Manta objects are effectively just files stored on ZFS, so you write anything you like. Maybe this example session will help:

* Perform a directory listing of a tmp directory in my public area. mls(1) is the ls(1) equivalent for listing Manta directories.

  $ mls -l /jperkin/public/tmp
  -rwxr-xr-x 1 jperkin        540751 Oct 23 14:19 bbc.png
  -rwxr-xr-x 1 jperkin         27237 Dec 13  2013 libreoffice.tar.gz
  -rwxr-xr-x 1 jperkin        132079 Oct 25 02:01 lx64.png
  -rwxr-xr-x 1 jperkin       2397256 Jul 09  2013 nas-workdir.tar.gz
  -rwxr-xr-x 1 jperkin       1626181 Jul 10  2013 nas-workdir64.tar.gz
* Log into a Manta zone using bbc.png as my input file. This creates a zone, and maps in my file which is stored on the same machine (you are always operating on the same host as your data is stored). mlogin(1) is a nice way to prototype jobs in an interactive session, and once you have it working correctly you can use mjob(1) to run it automatically.
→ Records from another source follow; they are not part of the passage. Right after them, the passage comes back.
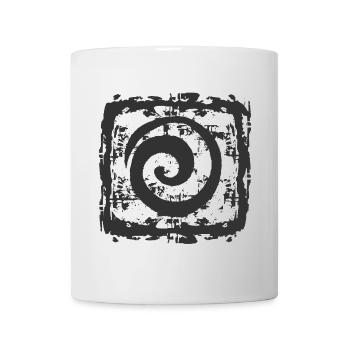 Abstraktes Spiralmuster auf Vintage-Hintergrund - Tasse - Weiß - Vorne
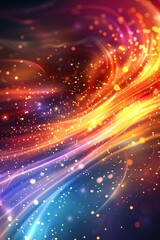 Poster - Colorful abstract glowing light curves and sparkles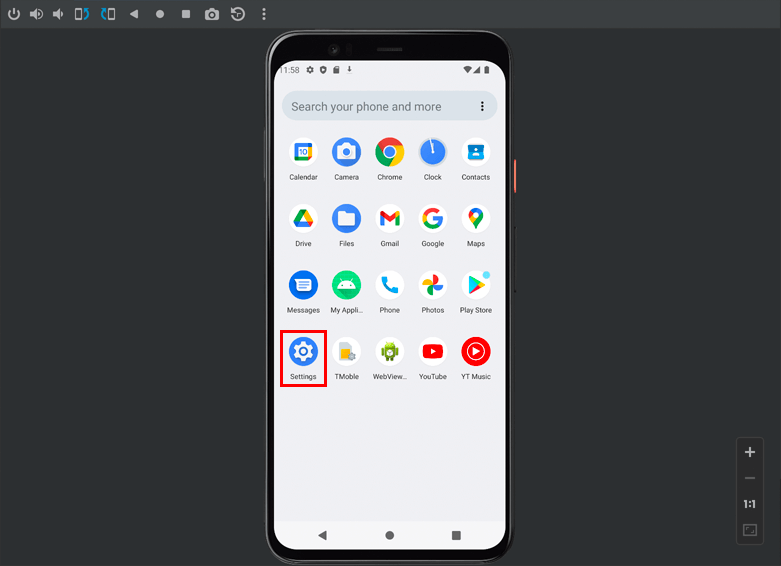 Android Studio エミュレーター Pixel 4 アプリ一覧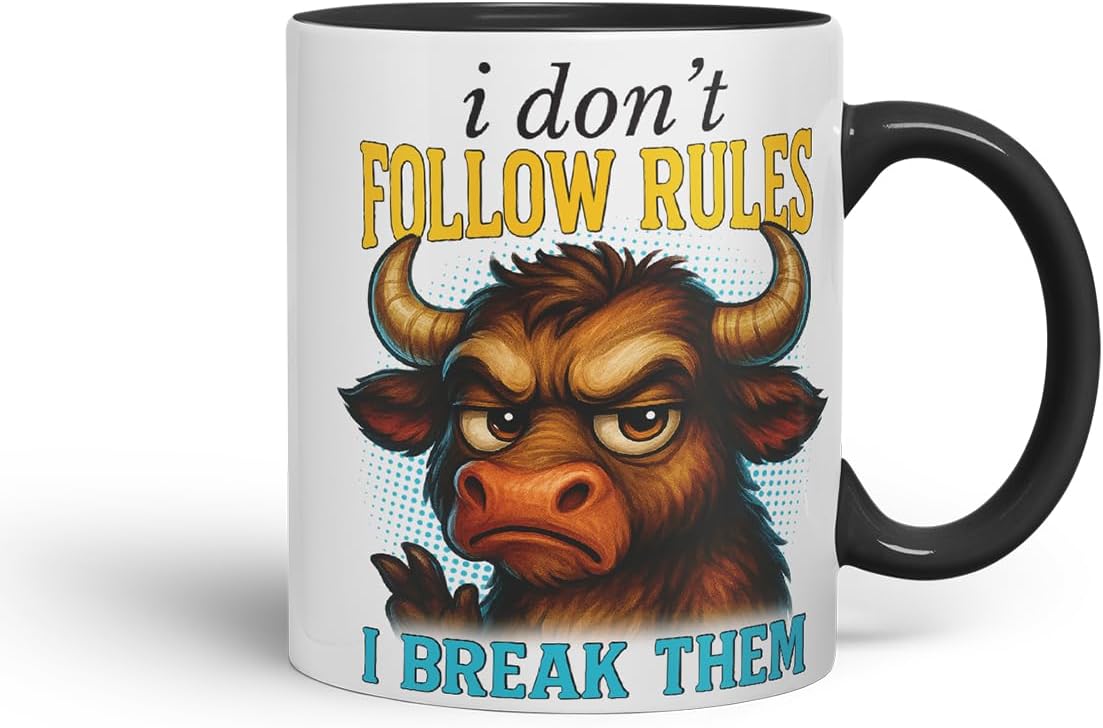 Vixar I Don't Follow Rules I Break Them Funny Bull Mug – Coloured Ceramic Mug Cup Gift, 11oz (Black)
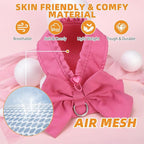 KOOLTAIL Small Dog Harness and Leash Set, Cute Puppy Vest Harnesses with Bowtie for Girl Outfit, Step in No Pull Soft Mesh Padded Adjustable Pet Harness for Extra-Samll Medium Dogs Cats, XS S, Pink M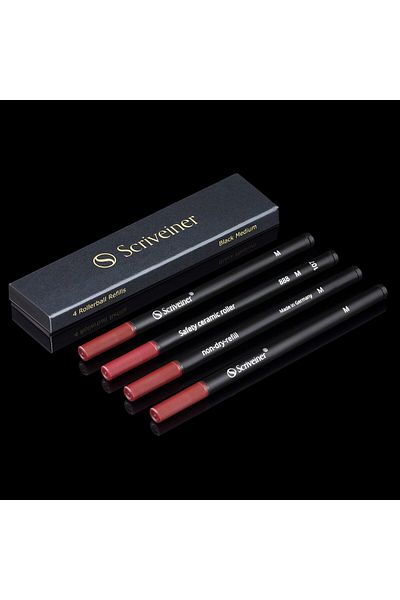 erorex Black Medium Rollerball Refill 4 Superior Quality Refills For Rollerball Pens Safety Ceramic M
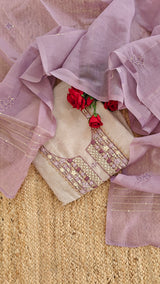 Linen Jamdani with French Knot embroidery dress material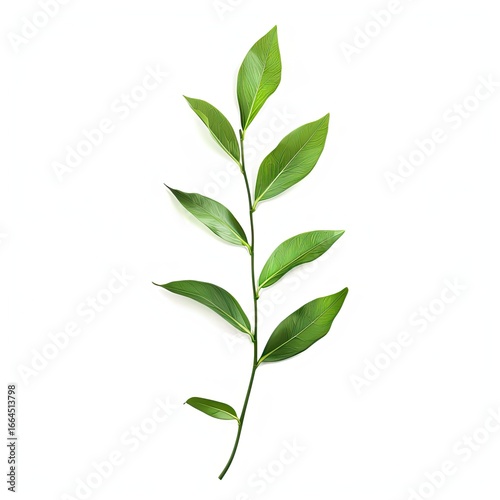 A vibrant green stem with several leaves against a plain white background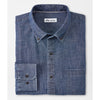 Peter Millar Tamworth Chambray Cotton-Stretch Sport Shirt - Indigo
  $ mlogin /jperkin/public/tmp/bbc.png
   * created interactive job -- f1a2e579-34f8-4dd4-da19-db33954a0772
   * waiting for session... | established
  jperkin@manta #
* At this point it's just Unix, so I can run any command on the file (which has been mapped in under /manta) I like:

  jperkin@manta # uname -a
  SunOS 0ae1c6ec-d47a-455c-9dd6-97eec16da31b 5.11 joyent_20140628T000418Z i86pc i386 i86pc Solaris

  jperkin@manta # ls -l /manta/jperkin/public/tmp/bbc.png
  -rw-r--r-- 1 root root 540751 Nov  7 11:41 /manta/jperkin/public/tmp/bbc.png

  jperkin@manta # file /manta/jperkin/public/tmp/bbc.png
  /manta/jperkin/public/tmp/bbc.png: PNG image data, 1680 x 940, 8-bit/color RGBA, non-interlaced
* Note that only the file I chose has been mapped in:

  jperkin@manta # find /manta
  /manta
  /manta/jperkin
  /manta/jperkin/public
  /manta/jperkin/public/tmp
  /manta/jperkin/public/tmp/bbc.png
* Let's convert it to a JPEG using convert(1) from ImageMagick and store it back into Manta in the same directory using mput(1):

  jperkin@manta # convert /manta/jperkin/public/tmp/bbc.png /var/tmp/bbc.jpg

  jperkin@manta # ls -l /var/tmp/bbc.jpg
  -rw-r--r-- 1 root root 504004 Nov  7 11:46 /var/tmp/bbc.jpg

  jperkin@manta # mput -f /var/tmp/bbc.jpg /jperkin/public/tmp/
  /jperkin/public/tmp/bbc.jpg    [======================================================>] 100% 492.19KB
* This file is now available at https://us-east.manta.joyent.com/jperkin/public/tmp/bbc.jpg and ready for further Manta jobs.

Of course this is a simple and contrived example, the real power of Manta comes when you have say 1,000,000 log files stored under a particular path and want to grep them all for a particular string. To do that you'd do something like:

  $ mfind /jperkin/public/logs -n "access_log.*.gz" | mjob create -o -m "gzcat" -m "grep something" -r "cat"
This will scale to whatever size your Manta cluster is, e.g. if you have 10 hosts then the log files will be split up across those hosts and they each will spin up multiple zones to run "gzcat | grep" on the local data, before a final "cat" reduce job is used to collate the results from each map job.
Wow, thank you, again. I have to definitely take a look this. My use cases tend to vary so much that creating a Hadoop like system would require too much custom coding.

I wonder if it is possible to have compression and de-duplication, so that there could be a one big base dataset and lots of containers that only add what new data they generate.

Anyhow, looking at this it feels really approachable. What I have in mind are quick-and-dirty data-sciency scripts for ad hoc use cases, like diffing structured files and combing over matrix data.

http://www.linux-kvm.org/wiki/images/7/71/2011-forum-porting...

Your work on porting KVM to SmartOS is amazing, I don't think this accomplishment can be easily overstated.